Task goal
All lines from the one that contains "Day centerpiece 123531634" through the close of the entries below are to be repeated exactly, without any pictures.

START Input data

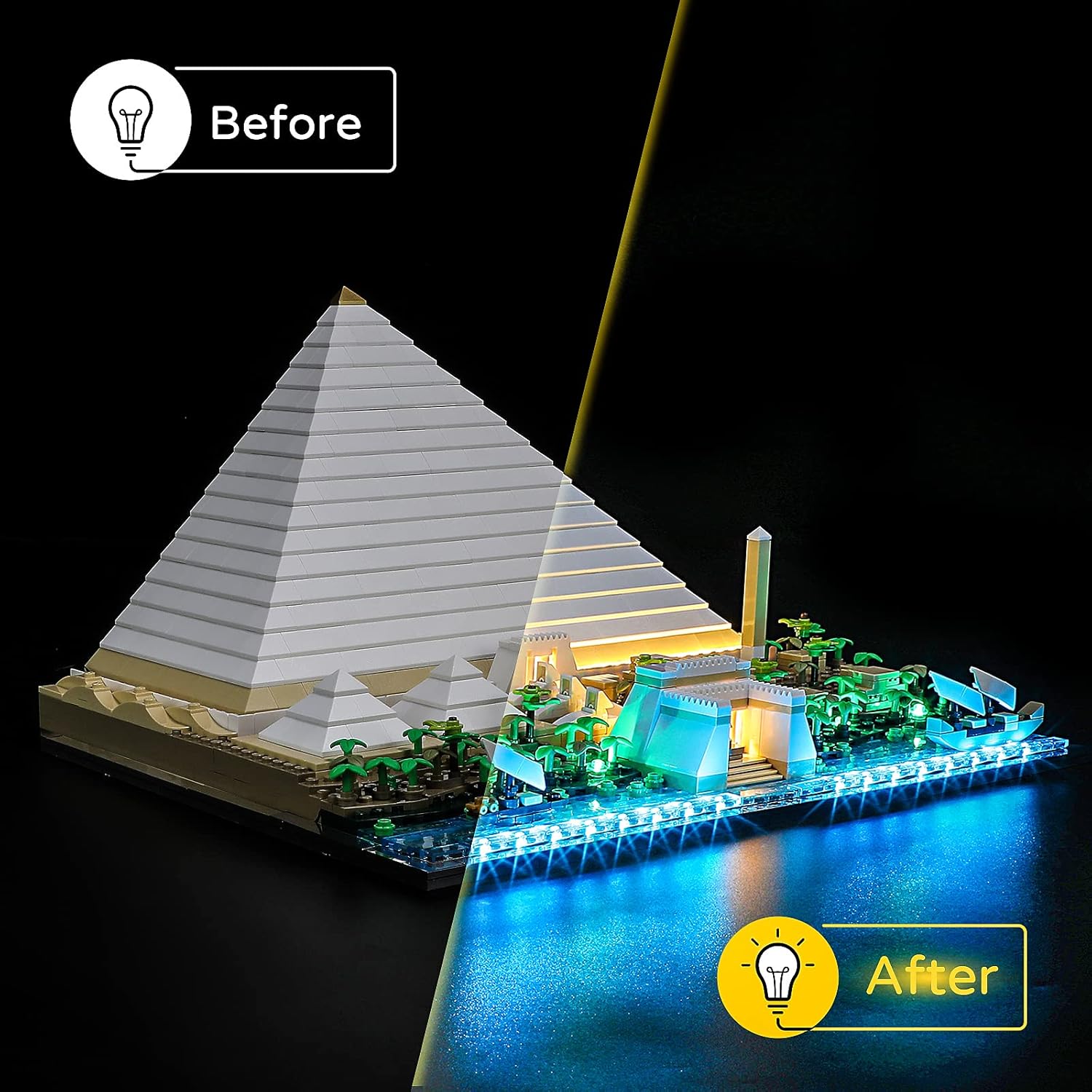 YEABRICKS LED Light Kit for Lego - Architecture Great Pyramid of Giza Building Blocks Model, LED Light Set Compatible with 21058(Lego Set NOT Included)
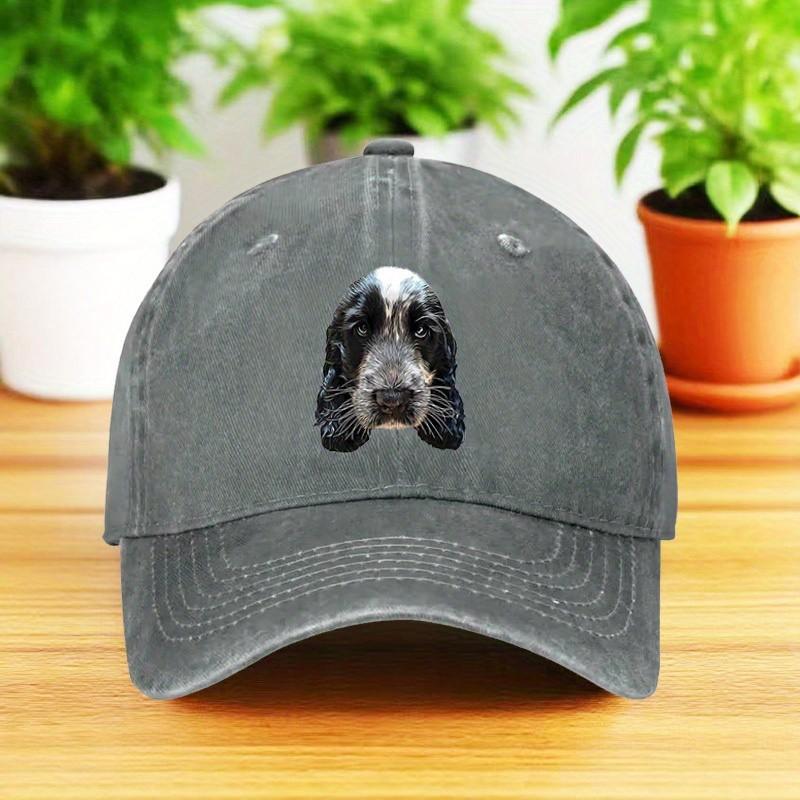 Cute Dog Print Washed Denim Baseball Cap Adjustable Curved Brim Outdoor Breathable Hat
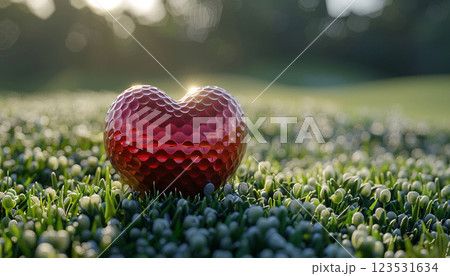 Heart-shaped golf ball as a Valentine's Day centerpiece Heart-shaped golf ball as a Valentine's Day centerpiece 123531634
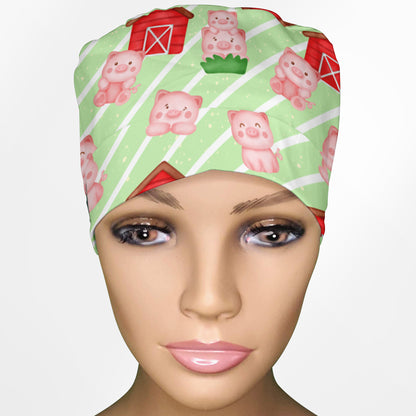 Cute Farm Piggies Ponytail Scrub Cap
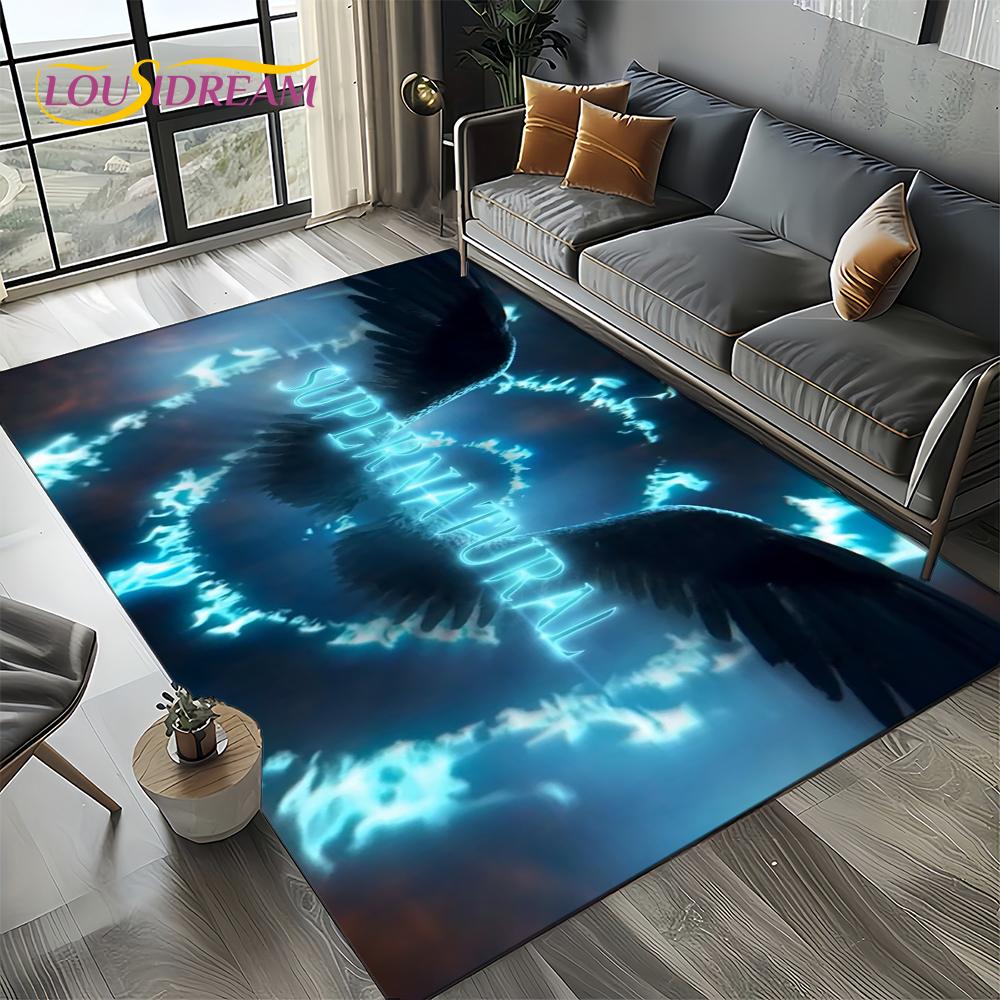 3D SPN Supernatural Sign Dean Sam Carpet Rug for Living Room Bedroom Home Sofa Decoration,Kids Play Area Rug Non-slip Floor Mat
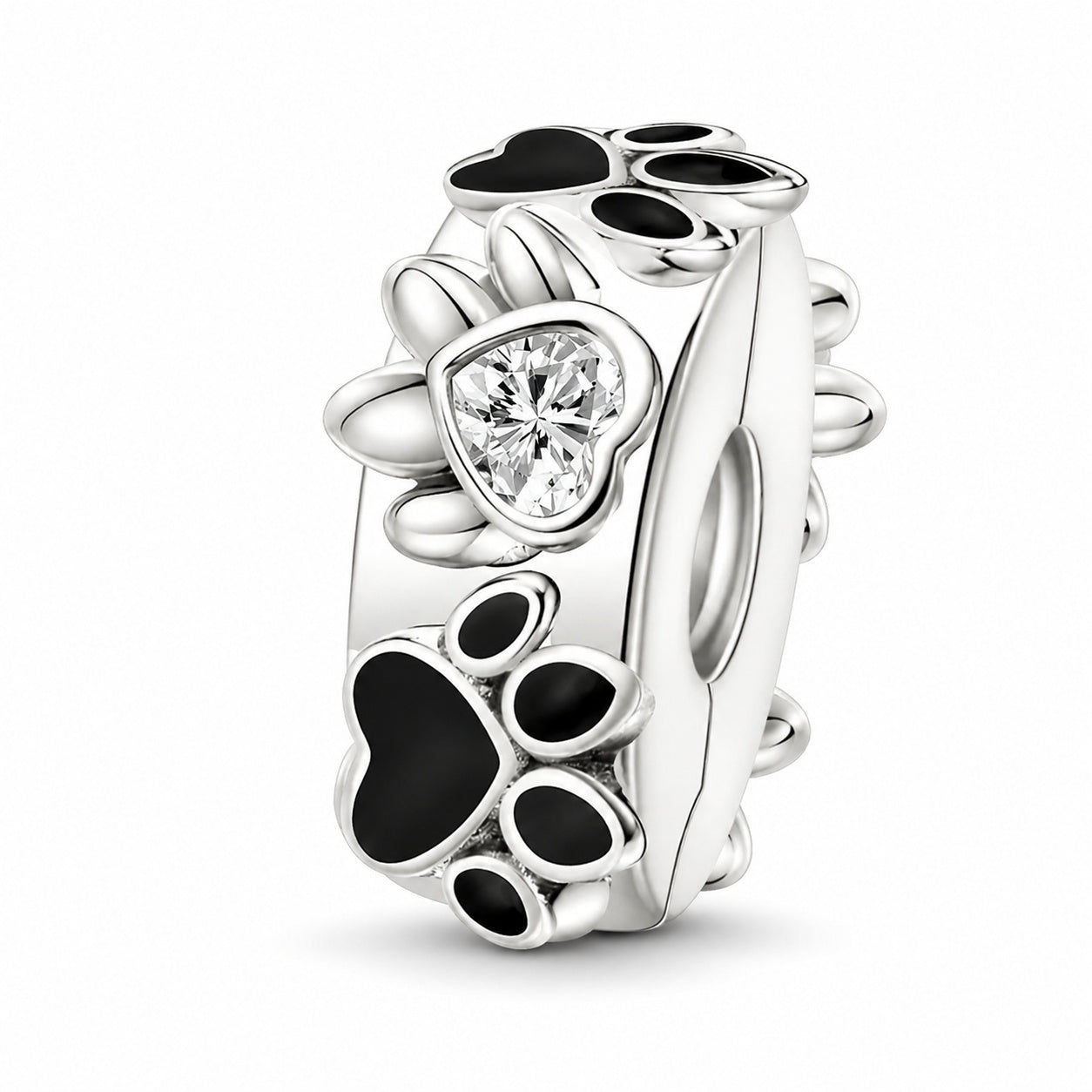Pet Paw Print Clip Sterling Silver Charm Hallmarked S925 for Charm Bracelet and Necklace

END Input data

Response
 Heart-shaped golf ball as a Valentine's Day centerpiece Heart-shaped golf ball as a Valentine's Day centerpiece 123531634
 Cute Farm Piggies Ponytail Scrub Cap
 3D SPN Supernatural Sign Dean Sam Carpet Rug for Living Room Bedroom Home Sofa Decoration,Kids Play Area Rug Non-slip Floor Mat
Pet Paw Print Clip Sterling Silver Charm Hallmarked S925 for Charm Bracelet and Necklace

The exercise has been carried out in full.